Problem to work on:
Below are several records. Retype exactly those lines running from the one with "Палаточный лагерь сторонников" through the one with "Usado Jaguar E-Pace", end lines included, and no others.

Dataset:

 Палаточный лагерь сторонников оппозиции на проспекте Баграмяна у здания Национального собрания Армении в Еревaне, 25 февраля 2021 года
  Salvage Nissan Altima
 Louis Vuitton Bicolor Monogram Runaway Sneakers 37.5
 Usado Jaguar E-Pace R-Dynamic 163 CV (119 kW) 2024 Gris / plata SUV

---

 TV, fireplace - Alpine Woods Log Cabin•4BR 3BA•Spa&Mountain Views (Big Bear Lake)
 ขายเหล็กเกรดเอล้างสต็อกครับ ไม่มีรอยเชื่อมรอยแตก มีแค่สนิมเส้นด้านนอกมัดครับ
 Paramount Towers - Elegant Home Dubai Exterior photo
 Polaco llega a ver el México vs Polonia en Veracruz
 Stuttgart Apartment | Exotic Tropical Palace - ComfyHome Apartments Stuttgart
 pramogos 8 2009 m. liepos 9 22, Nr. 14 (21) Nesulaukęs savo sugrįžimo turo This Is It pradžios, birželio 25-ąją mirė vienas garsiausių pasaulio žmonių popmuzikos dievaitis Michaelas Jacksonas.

==

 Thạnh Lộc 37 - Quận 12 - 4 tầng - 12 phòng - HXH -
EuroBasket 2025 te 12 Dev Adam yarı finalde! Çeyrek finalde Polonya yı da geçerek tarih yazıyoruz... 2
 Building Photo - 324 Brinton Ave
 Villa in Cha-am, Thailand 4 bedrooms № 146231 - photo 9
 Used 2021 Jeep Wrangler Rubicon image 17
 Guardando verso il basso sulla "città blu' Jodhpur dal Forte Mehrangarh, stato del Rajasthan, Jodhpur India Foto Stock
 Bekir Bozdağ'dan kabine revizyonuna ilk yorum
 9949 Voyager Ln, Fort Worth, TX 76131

Task answer:
 Палаточный лагерь сторонников оппозиции на проспекте Баграмяна у здания Национального собрания Армении в Еревaне, 25 февраля 2021 года
  Salvage Nissan Altima
 Louis Vuitton Bicolor Monogram Runaway Sneakers 37.5
 Usado Jaguar E-Pace R-Dynamic 163 CV (119 kW) 2024 Gris / plata SUV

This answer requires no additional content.